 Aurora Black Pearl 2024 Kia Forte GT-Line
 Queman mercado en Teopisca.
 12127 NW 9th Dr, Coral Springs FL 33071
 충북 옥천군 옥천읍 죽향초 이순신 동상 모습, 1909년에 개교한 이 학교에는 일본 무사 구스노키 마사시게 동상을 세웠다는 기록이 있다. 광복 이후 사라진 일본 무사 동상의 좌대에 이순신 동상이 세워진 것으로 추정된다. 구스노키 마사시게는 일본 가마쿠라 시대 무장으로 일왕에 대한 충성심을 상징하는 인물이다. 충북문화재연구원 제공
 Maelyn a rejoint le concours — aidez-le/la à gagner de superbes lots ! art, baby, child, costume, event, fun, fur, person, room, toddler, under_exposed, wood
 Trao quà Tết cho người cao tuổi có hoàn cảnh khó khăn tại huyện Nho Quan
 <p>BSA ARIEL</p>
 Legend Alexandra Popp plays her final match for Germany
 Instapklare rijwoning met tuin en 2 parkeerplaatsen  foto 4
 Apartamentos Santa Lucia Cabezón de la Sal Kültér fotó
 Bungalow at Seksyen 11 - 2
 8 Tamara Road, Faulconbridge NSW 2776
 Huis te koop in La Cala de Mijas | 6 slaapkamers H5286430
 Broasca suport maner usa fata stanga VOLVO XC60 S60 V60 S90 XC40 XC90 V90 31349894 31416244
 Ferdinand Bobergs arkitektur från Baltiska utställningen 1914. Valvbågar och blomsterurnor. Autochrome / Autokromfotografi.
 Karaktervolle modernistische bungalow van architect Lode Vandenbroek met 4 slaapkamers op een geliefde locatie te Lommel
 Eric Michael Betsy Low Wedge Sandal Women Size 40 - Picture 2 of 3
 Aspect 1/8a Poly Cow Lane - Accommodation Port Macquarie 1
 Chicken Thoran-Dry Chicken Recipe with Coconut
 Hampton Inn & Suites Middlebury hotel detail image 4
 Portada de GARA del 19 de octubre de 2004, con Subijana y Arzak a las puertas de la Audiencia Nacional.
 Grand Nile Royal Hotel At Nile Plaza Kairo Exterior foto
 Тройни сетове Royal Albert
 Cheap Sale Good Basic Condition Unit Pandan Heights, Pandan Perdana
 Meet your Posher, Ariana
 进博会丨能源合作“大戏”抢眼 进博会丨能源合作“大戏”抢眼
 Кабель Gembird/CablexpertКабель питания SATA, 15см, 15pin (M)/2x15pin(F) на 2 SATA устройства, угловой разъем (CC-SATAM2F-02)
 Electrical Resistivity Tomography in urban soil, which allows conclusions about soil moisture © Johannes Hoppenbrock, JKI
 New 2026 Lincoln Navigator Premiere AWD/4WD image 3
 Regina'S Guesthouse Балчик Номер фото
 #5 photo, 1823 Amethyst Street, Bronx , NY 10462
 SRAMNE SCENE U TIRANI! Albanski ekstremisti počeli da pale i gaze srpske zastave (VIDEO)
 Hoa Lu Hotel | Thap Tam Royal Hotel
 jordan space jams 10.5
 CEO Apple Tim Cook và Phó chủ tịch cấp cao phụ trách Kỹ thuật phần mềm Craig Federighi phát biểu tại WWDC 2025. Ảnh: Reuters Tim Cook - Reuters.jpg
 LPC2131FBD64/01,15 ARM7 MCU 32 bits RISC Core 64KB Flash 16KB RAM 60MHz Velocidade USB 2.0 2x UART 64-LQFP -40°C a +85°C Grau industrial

● **Exercise instructions**
Only a number is wanted here: the count of lines in the data that include the word "slaapkamers".

● **Reply to the exercise**
2